Pensioni, così lasci il lavoro 5 anni prima e ti metti al sicuro

Come andare in pensione 5 anni prima: tutto quello che c’è da sapere

In pensione 5 anni prima? Grazie ai contratti di espansione sarà possibile farlo entro il 2023. Ne potranno beneficiare soltanto i lavoratori dipendenti del settore privato. Rispetto al passato, con la legge di bilancio, la soglia dimensionale dell’azienda è stata abbassata a 50 dipendenti. Il che allarga decisamente la platea dei potenziali lavoratori beneficiari della pensione anticipata.

Come spiega l’Inps nella circolare n. 88 del 25 luglio 2022, rispetto al passato possono accedere allo scivolo pensione tutti i dipendenti del settore privato che abbiano stipulato contratti di espansione. Lo scivolo è concesso a partire dai 62 anni di età fino alla fine del 2023. Dal 2022 possono, però, accedervi anche le aziende con meno di 250 dipendenti e con più di 49.

ANSA

Come andare in pensione 5 anni prima?

Per accedere a questo cosiddetto scivolo aziendale è necessario che il datore di lavoro raggiunga specifico accordo col Governo. Tale accordo, chiamato contratto di espansione, è stipulato fra azienda, Ministero del Lavoro e organizzazioni sindacali e deve contenere 4 condizioni fondamentali:

  • il numero dei lavoratori da assumere e l’indicazione dei relativi profili professionali compatibili con i piani di reindustrializzazione o riorganizzazione;
  • la programmazione temporale delle assunzioni;
  • l’indicazione della durata a tempo indeterminato dei contratti di lavoro, compreso il contratto di apprendistato professionalizzante;
  • relativamente alle professionalità in organico, la riduzione complessiva media dell’orario di lavoro e il numero dei lavoratori interessati, nonché il numero dei lavoratori che possono accedere allo scivolo pensionistico.

Quanto ammonta assegno con contratto espansione?

Il vantaggio del contratto di espansione è di consentire alle aziende di mandare in pensione, su base volontaria, i lavoratori fino a 60 mesi prima rispetto ai requisiti ordinariamente richiesti per la pensione di vecchiaia o anticipata. Quindi i lavoratori possono mettersi a riposo:

  • 62 anni, invece dei 67 previsti per la pensione di vecchiaia, a patto di aver maturato il requisito contributivo di 20 anni di versamenti;
  •  37 anni e 10 mesi di contributi versati per gli uomini e 36 anni e 10 mesi per le donne, contro gli attuali 42 anni e 10 mesi e 41 anni e 10 mesi rispettivamente previsti per la pensione anticipata, più tre mesi di finestra.

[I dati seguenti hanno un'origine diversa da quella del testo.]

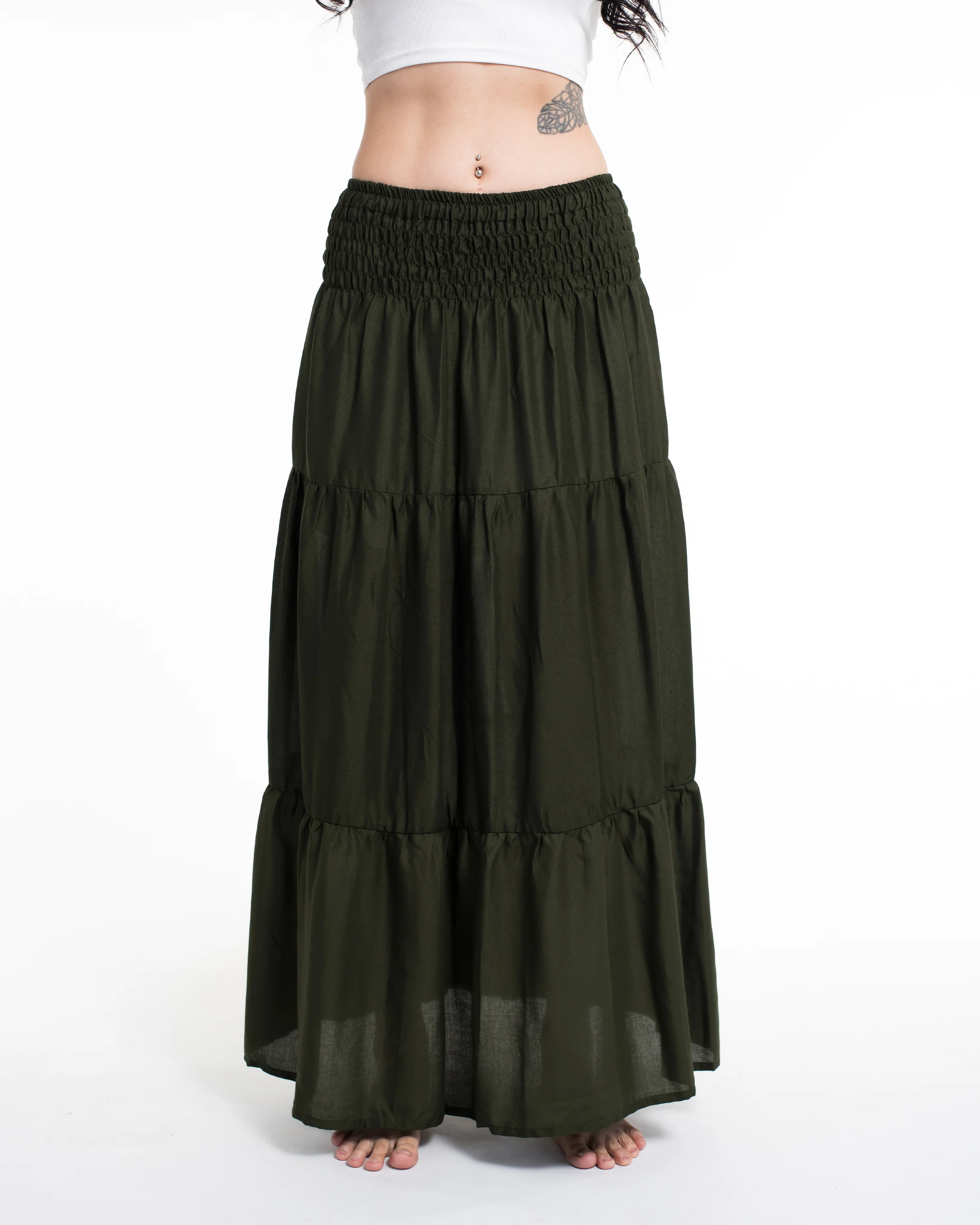 2186-Solid-Color-Long-Skirt-in-Dark-Green-3.webp Solid Color Long Skirt in Dark Green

Il lavoratore che accede al prepensionamento percepisce, fino alla maturazione della pensione, un’indennità pari all’assegno maturato al momento delle dimissioni. L’indennità mensile è corrisposta dall’INPS per 13 mensilità. L’importo, certificato dall’INPS, è commisurato al trattamento pensionistico lordo maturato dal lavoratore al momento della cessazione del rapporto di lavoro, secondo le norme previste dalle singole Gestioni. Per il calcolo della quota contributiva si tiene conto del coefficiente di trasformazione relativo all’età del lavoratore alla data di decorrenza dell’indennità. In caso di perfezionamento del diritto a pensione in due o più forme previdenziali, l’importo dell’indennità sarà pari al più elevato degli importi mensili dei trattamenti pensionistici maturati alla data di risoluzione del rapporto di lavoro.

Questa formula comporta dei compromessi in termini di taglio dell’assegno previdenziale e/o di costi da sostenere. Secondo i calcoli dei sindacati, andando in pensione con lo scivolo previsto dai contratti di espansione si rischia un taglio dell’assegno previdenziale fino ad un quarto del suo importo, con una perdita economica che può arrivare a 80mila euro.